Colombia exports its 'new school' blueprint
UNESCO Courier, June, 1999 by Asbel Lopez
"The New School movement is perhaps the most successful educational reform that I've seen in more than 30 years' experience in almost 20 countries," wrote Richard J. Kraft, of the University of Colorado, in a 1997 report for the World Bank and the U.S. Agency for International Development (USAID). "The boosting of teachers' skills has brought radical changes in the curriculum, in community development, in democratic behaviour and in improved schooling."
In 1989, the World Bank singled out the Escuela Nueva movement as one of the three primary school experiments in the world which had succeeded in making educational innovations, and recommended that "the lessons of this experience be widely disseminated among policy-makers in developing countries." Since then, the model has been successfully used in Guatemala, where it has been adopted in its entirety (see box page 16). Other countries, including Chile, Argentina and recently Nicaragua, have borrowed parts of it.
The Philippines is the first country outside Latin America to use the model to improve teaching at all levels in its multigrade rural schools, which have a poor reputation. The Multigrade Demonstration Schools Project (MGDSP) has set up 24 schools in 12 provinces. It all began with a visit by Filipino officials to "new schools" in Colombia in 1993. Persy So, a UNICEF staffer in Manila, recalls that the visitors were impressed by the pupils, who were self-reliant and responsible, and freely expressed their thoughts and opinions without fear of their elders.
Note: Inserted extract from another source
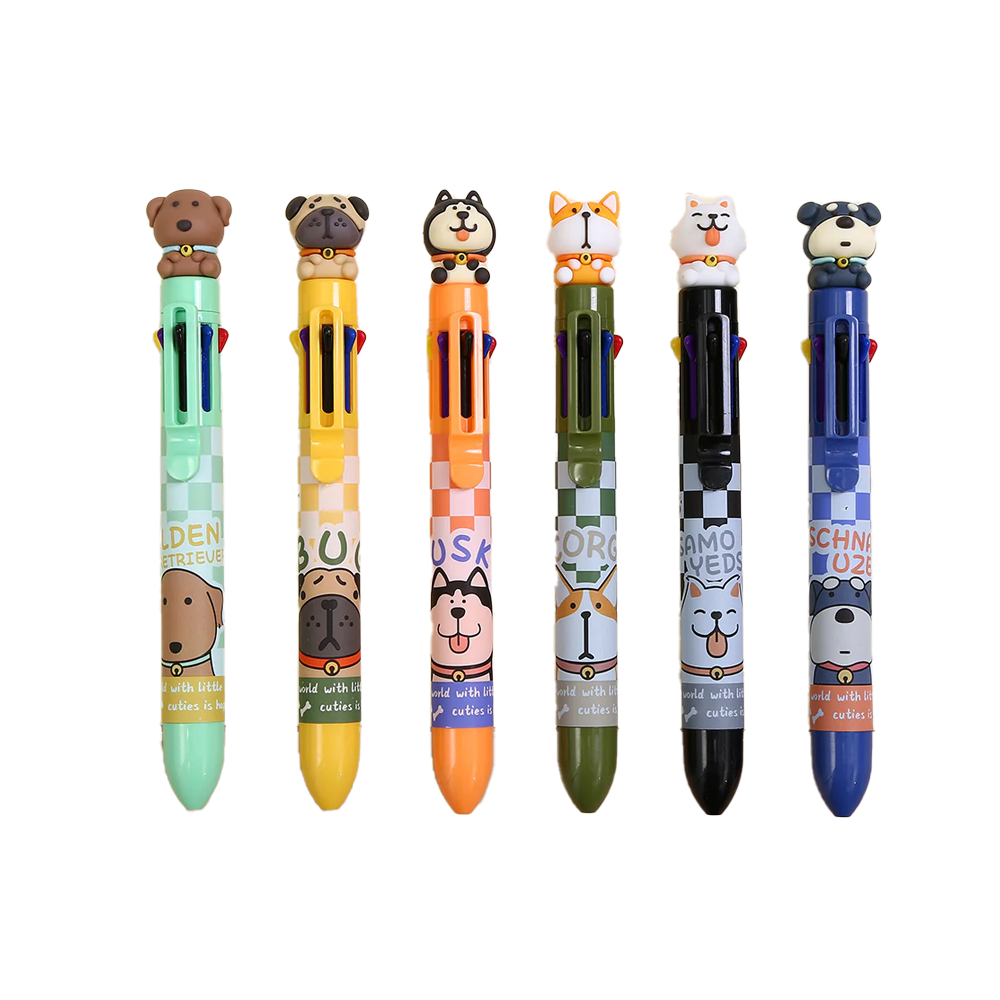 Dog 8-Color Retractable Ball Pen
The children in the Filipino countryside who have been part of the programme have gained self-confidence and show greater interest in their lessons. Some parents now prefer their children to attend these schools rather than traditional schools where there is one teacher for each age group. "It's like being in a private school," says 13-year-old Adonis Corasay, who likes the fact that the village school in Begageng, in Benguet province, north of Manila, now caters for fifth and sixth-graders, meaning that he will be able to complete his primary schooling there.
In Colombia, the New School movement has survived difficulties at local and national level. A study produced in 1998 by UNESCO's Regional Education Office for Latin America and the Caribbean, based in Santiago de Chile, showed that of 11 Latin American countries surveyed, Colombia was the only one where third-grade pupils in rural schools got better marks than city children in language and maths, in spite of having fewer materials and despite the problems of ill-educated parents, geographical distance and isolation.
Teacher training
Rural schools in Chile and Argentina, which were also surveyed and have adopted some of the ideas of the "new schools", did not show such good results as the Colombian ones. Schiefelbein thinks this is because they haven't systematically adopted the new programme. "Chile has only taken on board a few suggestions made on five pages of a manual, and Argentina is still trying out the programme in just a handful of schools," he says.